Men We Reaped by Jesmyn Ward

I was first exposed to Jesmyn Ward while sitting under the teaching of Dr. Patrick Alexander and Dr. Otis Pickett (one of our elders). Lecturing in one of the only air conditioned buildings of Mississippi State Penitentiary (Parchmen) as part of the Prison to College Pipeline, Dr. Alexander masterfully unpacked Ward’s memoir Men We Reaped.

Ward’s title comes from Harriet Tubman:
“We saw the lightning and that was the guns; and then we heard the thunder and that was the big guns; and then we heard the rain falling and that was the blood falling; and when we came to get in the crops, it was dead men that we reaped.”
Ward traces a portion of her own story, yes. But more than that, she traces the tragic deaths of 5 young black men—brothers, cousins, and close friends.

One layer of Ward’s storytelling that stands out in bold relief are the places. Growing up torn back-and-forth between coastal Mississippi and New Orleans, Ward brutally describes the joys and sorrows of growing up in a tight-knit community/family while struggling near the poverty line. She also describes the social and cultural juxtaposition of her family and neighborhoods with the elite, majority white private school she was able to attend due to the financial support of her mother’s employer.

But it is death that makes all the poignant layers of storytelling tie together in Men We Reaped. She says,
“From 2000 to 2004, five Black young men I grew up with died, all violently, in seemingly unrelated deaths. The first was my brother, Joshua…second Ronald…third C.J…fourth Demond…the last was Roger in 2004. That’s a brutal list, in its immediacy and its relentlessness, and it’s a list that silences people. It silenced me for a long time.” (7)
She tells the story of these young men backwards, from 2004 to 2000, her memories coming from a younger and younger self. It is powerful and heartbreaking.

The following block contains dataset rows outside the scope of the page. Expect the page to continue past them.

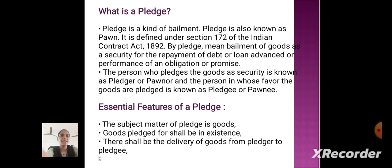What is pledge? Pledge is a kind of bailment, also known as pawn. It is defined under Section 172 of the Indian Contract Act 1872. Pledge means bailment of goods as a security for the repayment of a debt or loan, or for the performance of an obligation or promise. The person who pledges the goods as security is known as the pledger or pawnor, and the person in whose favor the goods are pledged is known as the pledgee or pawnee. Essential features of a pledge: the subject matter of the pledge is goods; the goods pledged shall be in existence; and there shall be delivery of goods from pledger to pledgee.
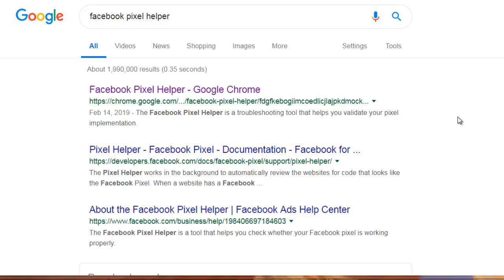Hello and welcome back. This is video number nine — how to test your pixel is active. This is a very crucial step of the process because you want to make sure that before you run any ads, you have properly placed your pixels.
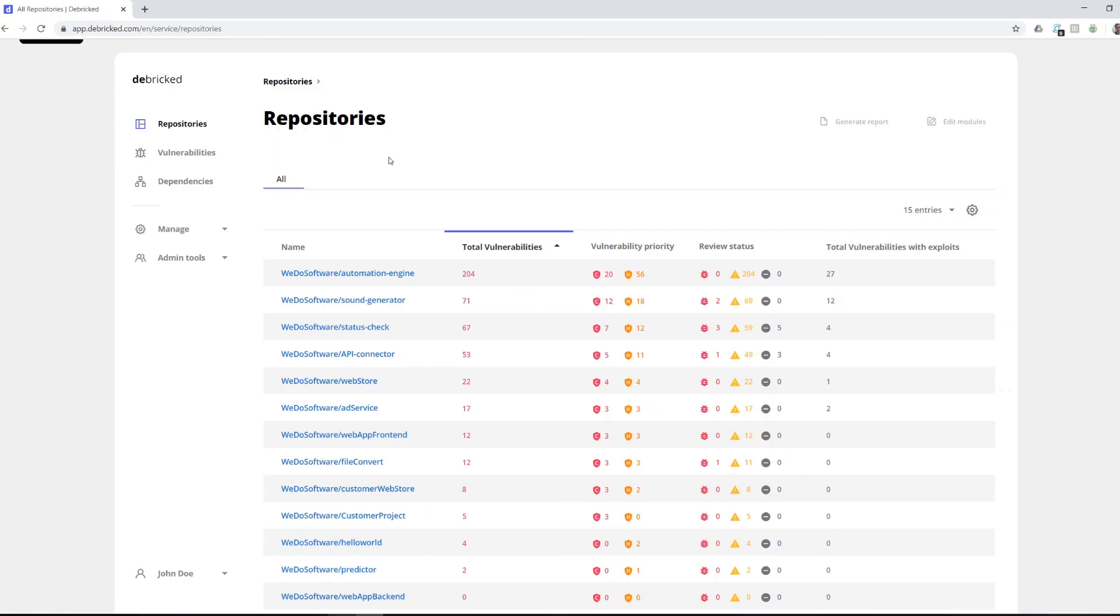In this view you get some overview information of each repository, such as total amount of vulnerabilities, how critical they are, and if you've set some review status. I'll get into this more later.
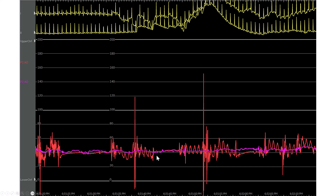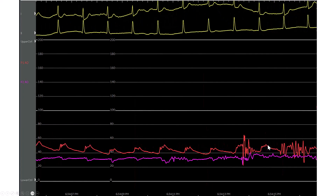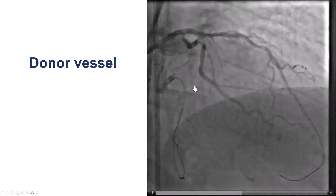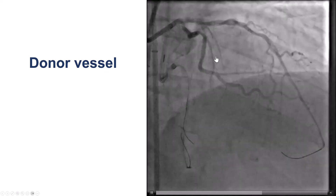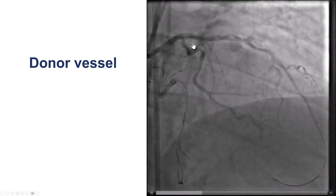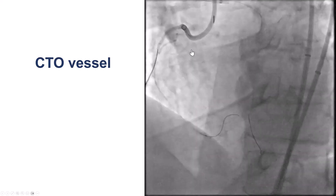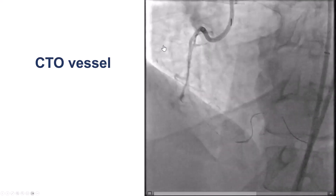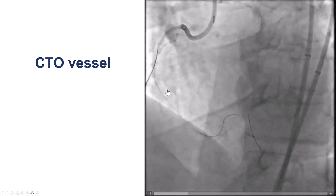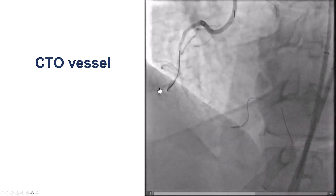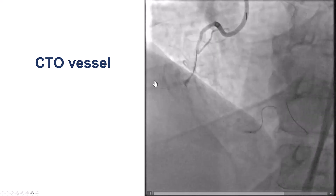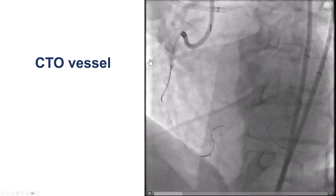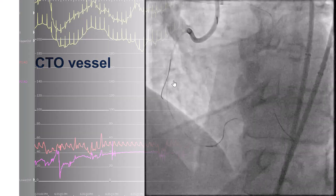The patient was essentially in PEA arrest at some point, so we started CPR. The question was why the patient was hypotensive. We did an injection of the donor vessel but did not see anything concerning — there was no dissection or injury in the donor vessel. But then we took an image of the CTO vessel, and we saw a perforation at the site of the acute marginal branch. We had a perforation happen during the side-based procedure, which we did not realize, and that is why the patient went into tamponade.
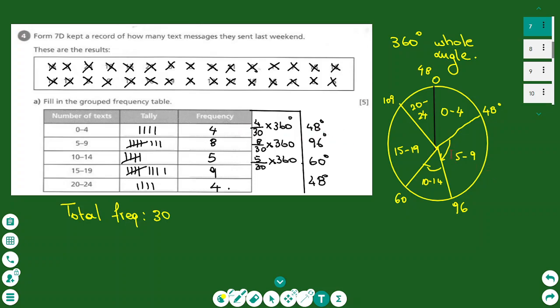The next category has 5 values: 5 over 30 times 360 gives 60 degrees. For 9 values in the next category: 9 over 30 times 360 gives 108 degrees. The last category has 4 values, giving 48 degrees again. This is how you draw a pie chart using a frequency table.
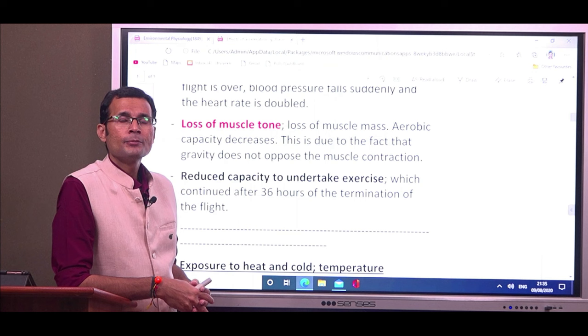These are the effects of various types of gravitational forces on our body systems.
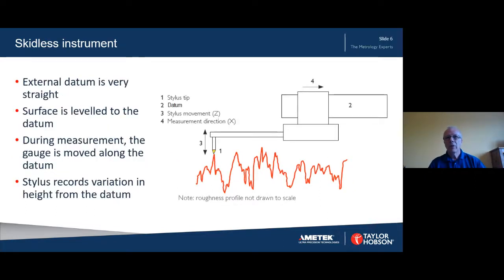This shows a skidless instrument where the gauge is moved in a straight line along a datum surface. The surface under test is usually levelled parallel to the datum prior to measurement. The instrument will now measure the depths of each of the valleys correctly in relation to the highest point on the surface.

Reading Men We Reaped brought up in my heart all kinds of longings for Christ’s return, due to how sin has personally and corporately corrupted so much of this world. In particular, sin and this sinful world greatly affects children, who become adults, who form communities, and who themselves have children. The cycle repeats: grief, strained relationships, poverty, inequality, racism, education, addiction, and violence.

So much of this story I have never experienced, but may it give me new eyes to weep with those who weep (Rom. 12:15), and new feet to stand with Jesus and those He loves. He does not break a bruised reed or snuff out a flickering wick, but brings justice to victory (Matt 12:20).